◆ Brief ◆
Print out each record below, unaltered and complete, without its images.

● ● ● ● ●

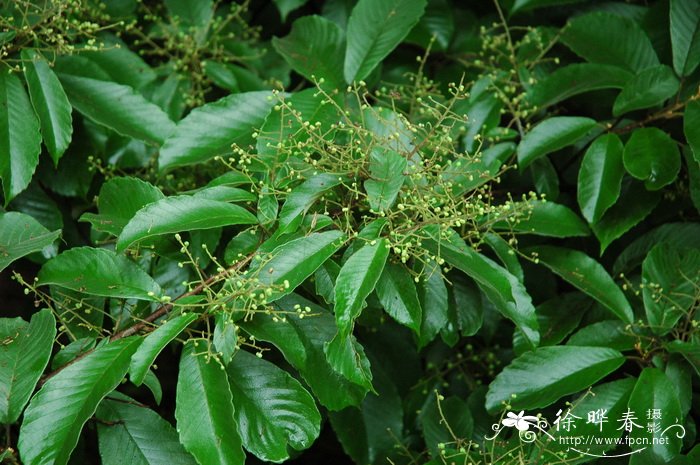 柔毛泡花树Meliosma myriantha 柔毛泡花树Meliosma myriantha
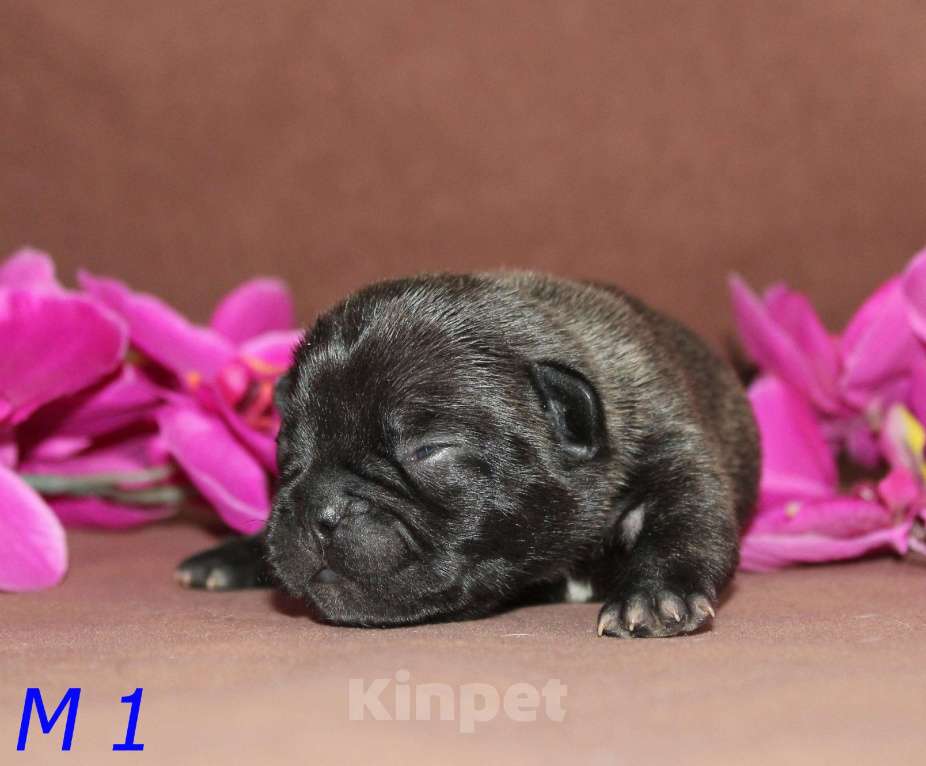 Собаки в Брянске: Французский бульдог щенки Мальчик, 30 000 руб. - фото 8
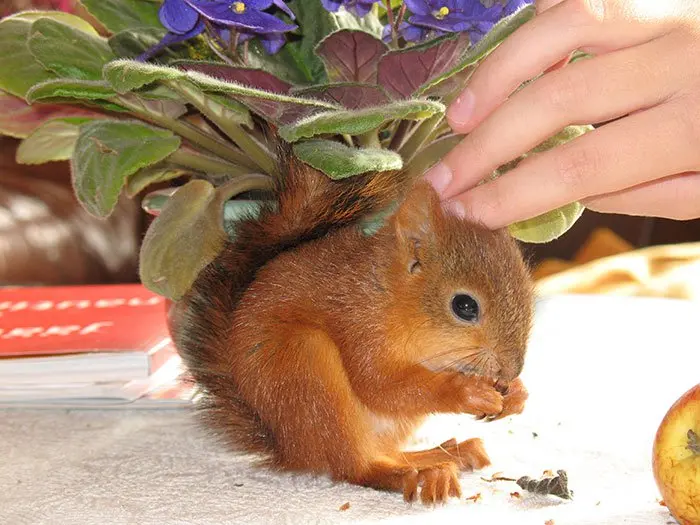 squirrel-tame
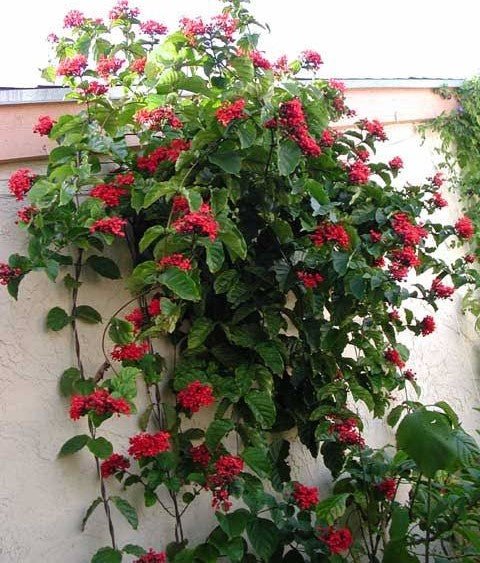 Flaming Glorybower Tripods (Clerodendrum splendens) - Ladybird Nursery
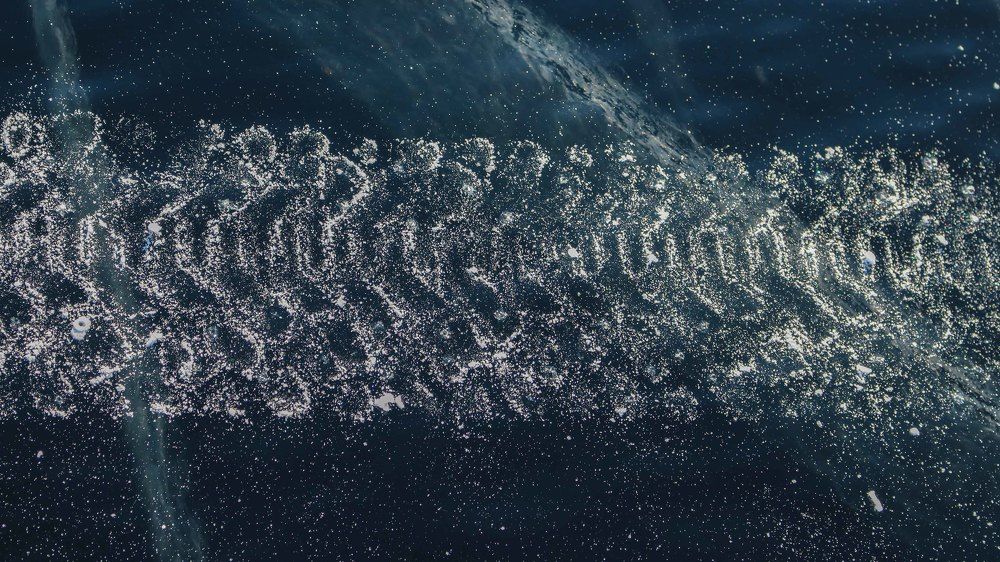 Фотография автора Александр Довганюк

● ● ● ● ●

◆ Answer to the problem ◆
 柔毛泡花树Meliosma myriantha 柔毛泡花树Meliosma myriantha
 Собаки в Брянске: Французский бульдог щенки Мальчик, 30 000 руб. - фото 8
 squirrel-tame
 Flaming Glorybower Tripods (Clerodendrum splendens) - Ladybird Nursery
 Фотография автора Александр Довганюк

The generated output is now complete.